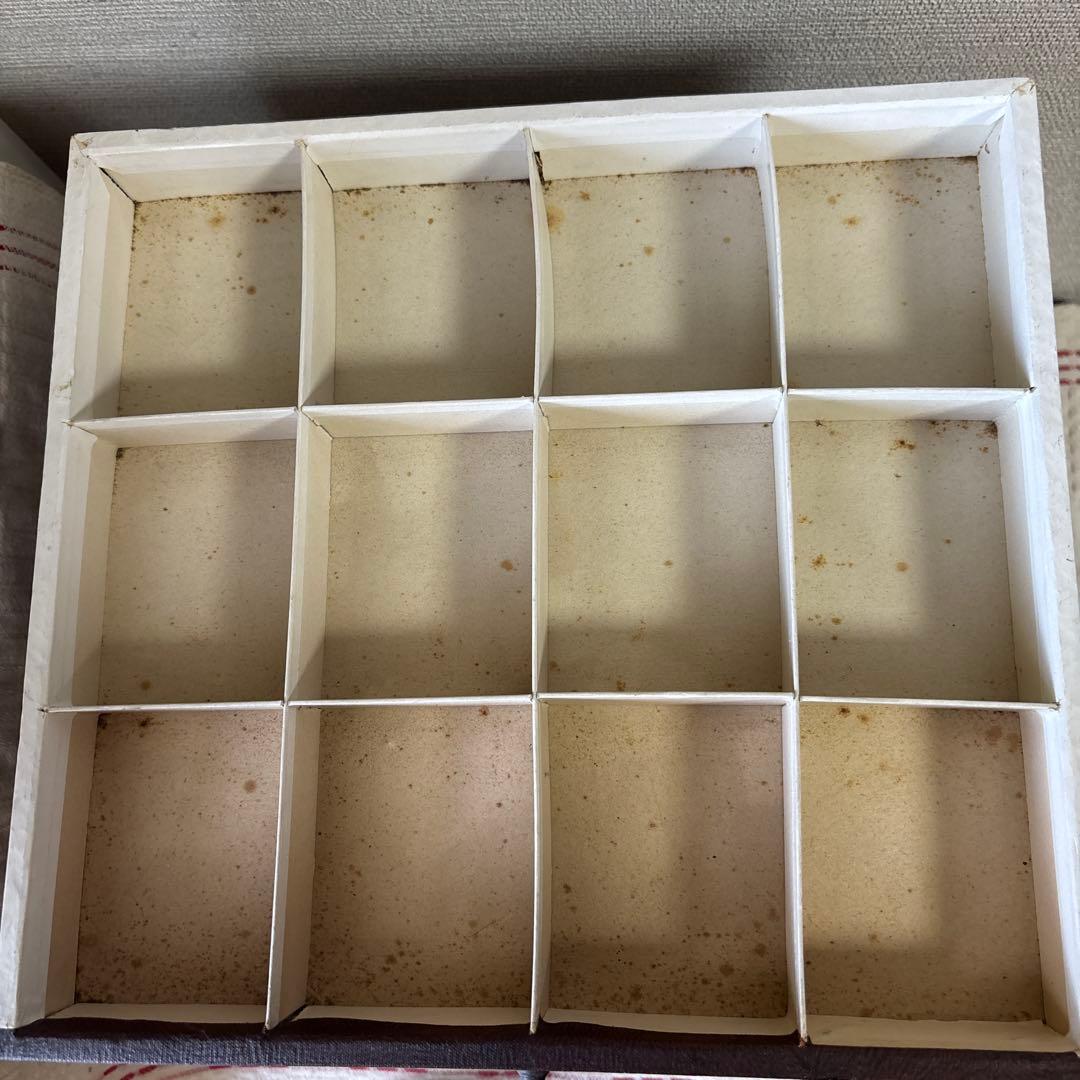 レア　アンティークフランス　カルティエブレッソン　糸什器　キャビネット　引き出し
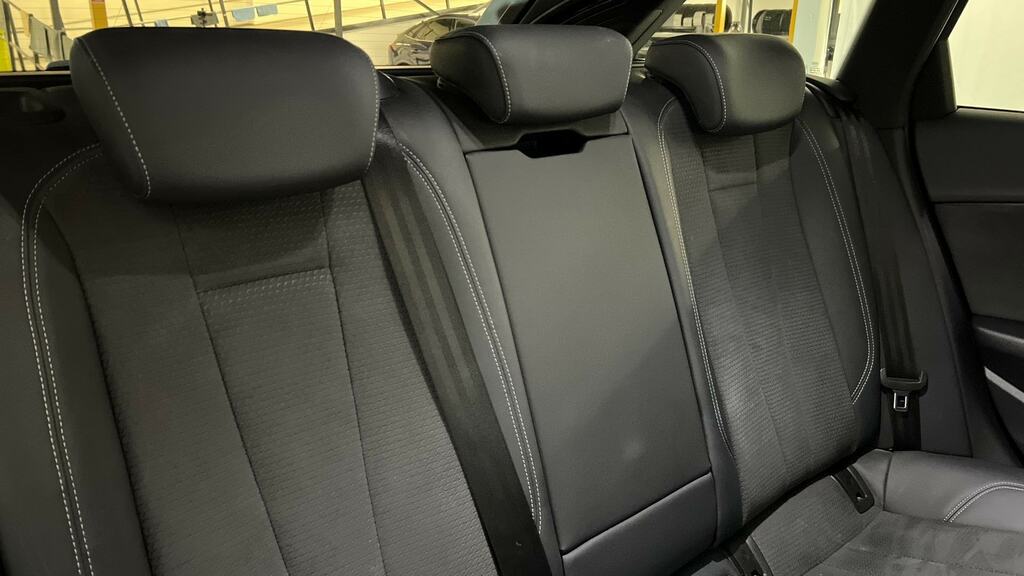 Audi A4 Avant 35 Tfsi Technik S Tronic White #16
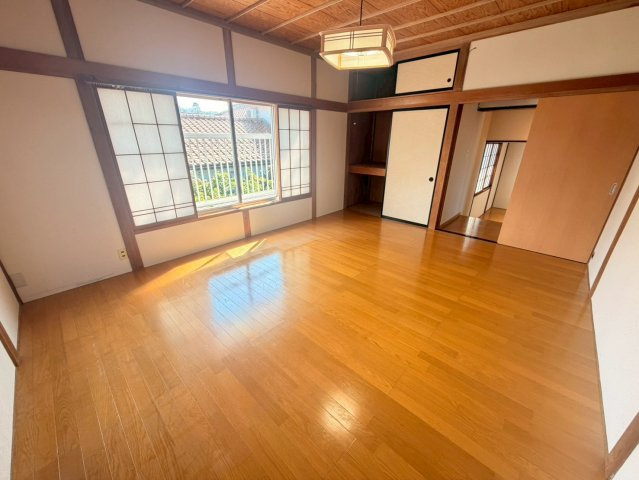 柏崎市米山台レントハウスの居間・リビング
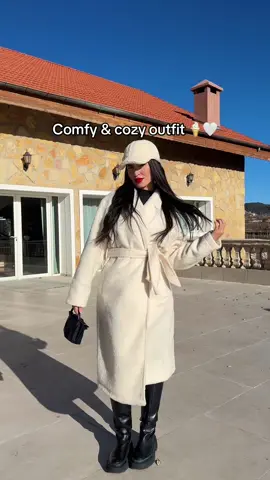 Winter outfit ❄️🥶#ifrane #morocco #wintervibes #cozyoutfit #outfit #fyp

_ABOUT THIS TASK:_
Where the material contains pictures, leave them out and copy the rest verbatim.

_EXPECTED ANSWER:_
 レア　アンティークフランス　カルティエブレッソン　糸什器　キャビネット　引き出し
 Audi A4 Avant 35 Tfsi Technik S Tronic White #16
 柏崎市米山台レントハウスの居間・リビング
 Winter outfit ❄️🥶#ifrane #morocco #wintervibes #cozyoutfit #outfit #fyp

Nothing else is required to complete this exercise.